**PROBLEM STATEMENT**
Give back every line of the data exactly. Pictures are not part of the copy.

**THE DATA**
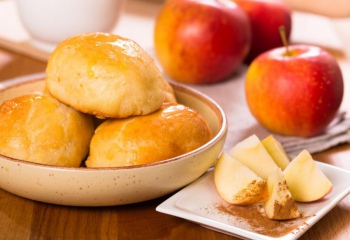 Пирожки с яблоками: рецепты с фото для легкого приготовления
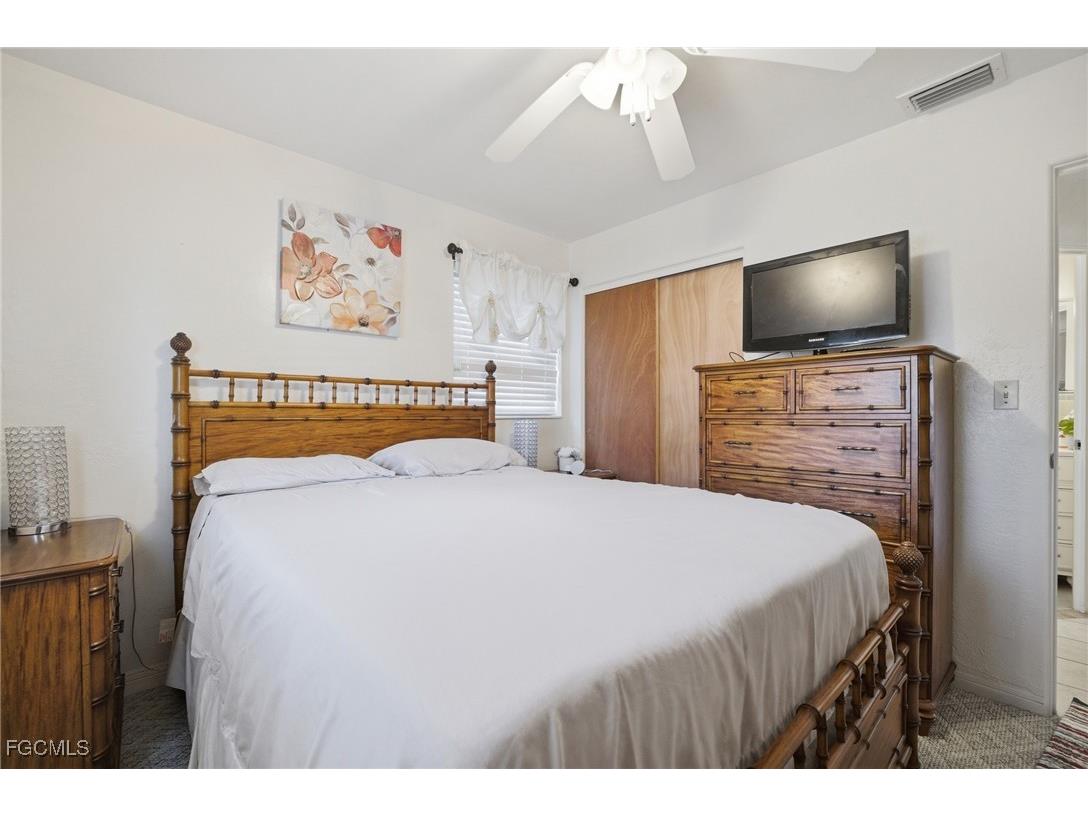 2431 Hunter Terrace Fort Myers FL 33901 2026002106 image20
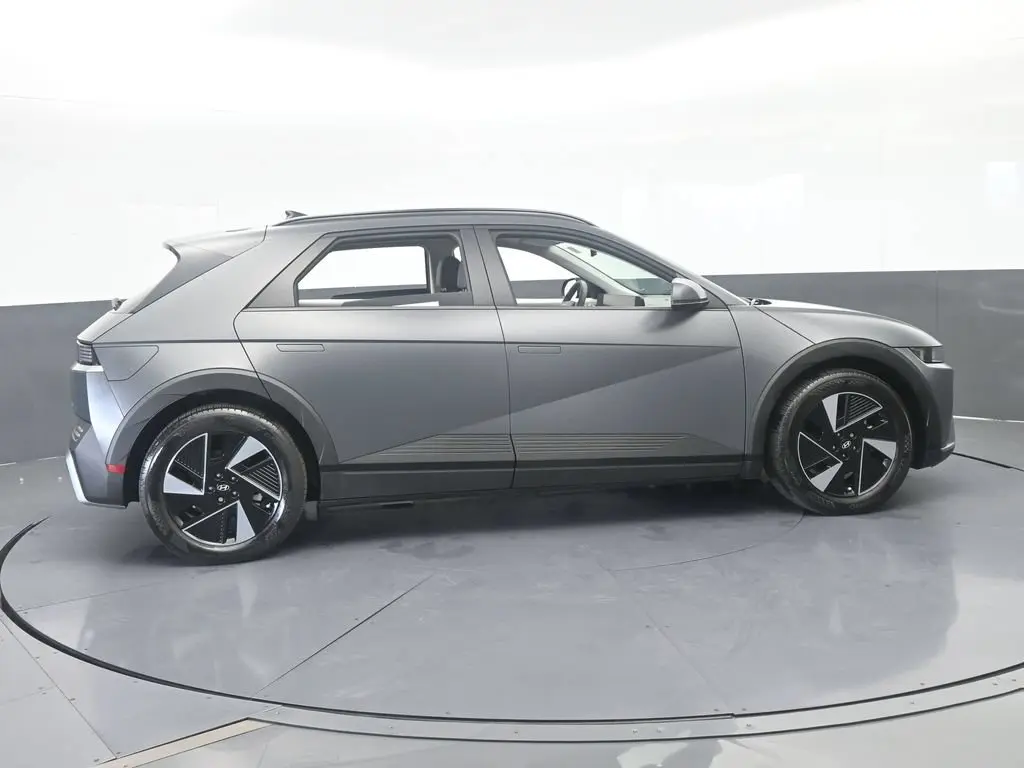 2025 Hyundai Ioniq - $27,300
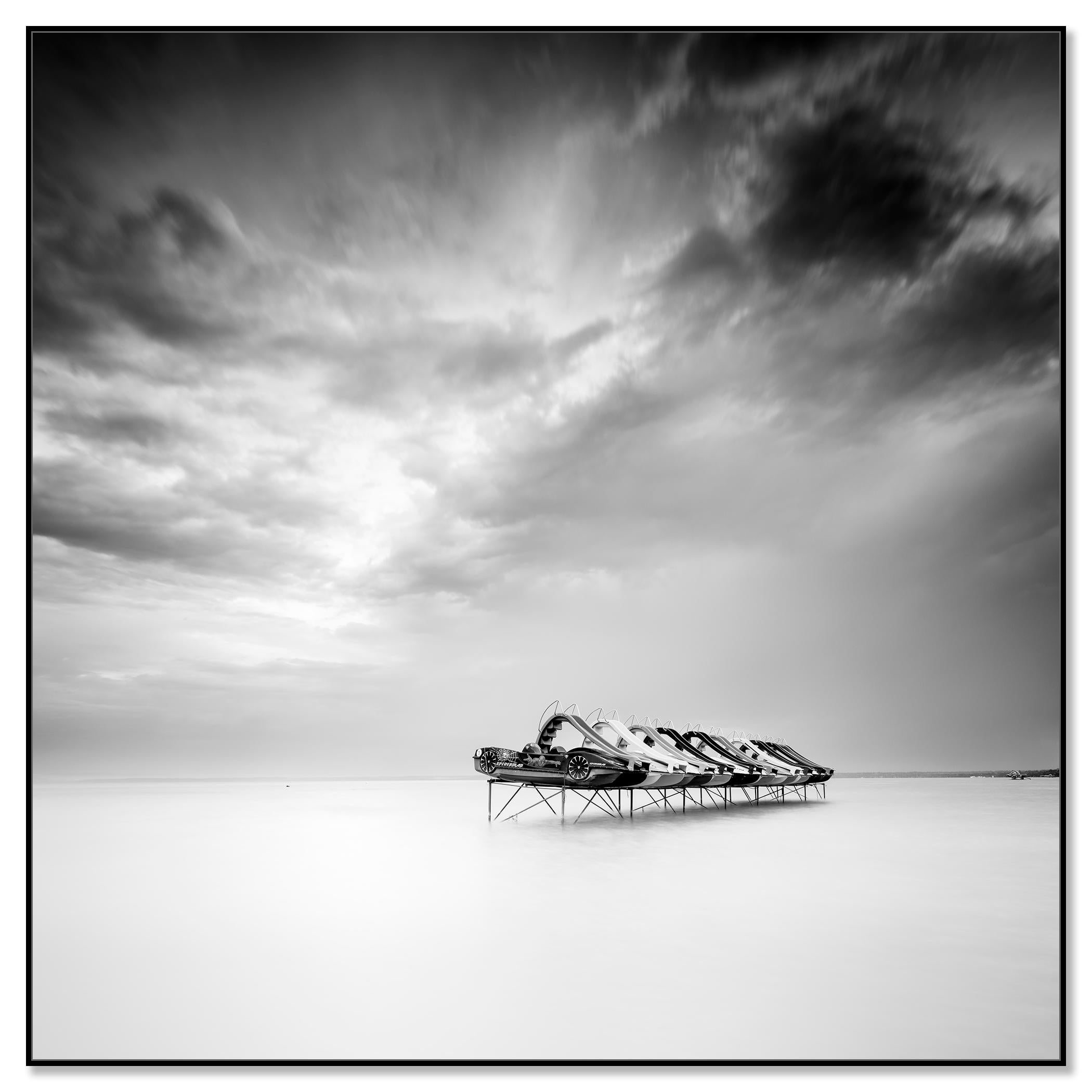 Barco de pedales, fotografía en blanco y negro, edición limitada, sescape, larga exposición - Photograph de Gerald Berghammer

**ANSWER BOX**
 Пирожки с яблоками: рецепты с фото для легкого приготовления
 2431 Hunter Terrace Fort Myers FL 33901 2026002106 image20
 2025 Hyundai Ioniq - $27,300
 Barco de pedales, fotografía en blanco y negro, edición limitada, sescape, larga exposición - Photograph de Gerald Berghammer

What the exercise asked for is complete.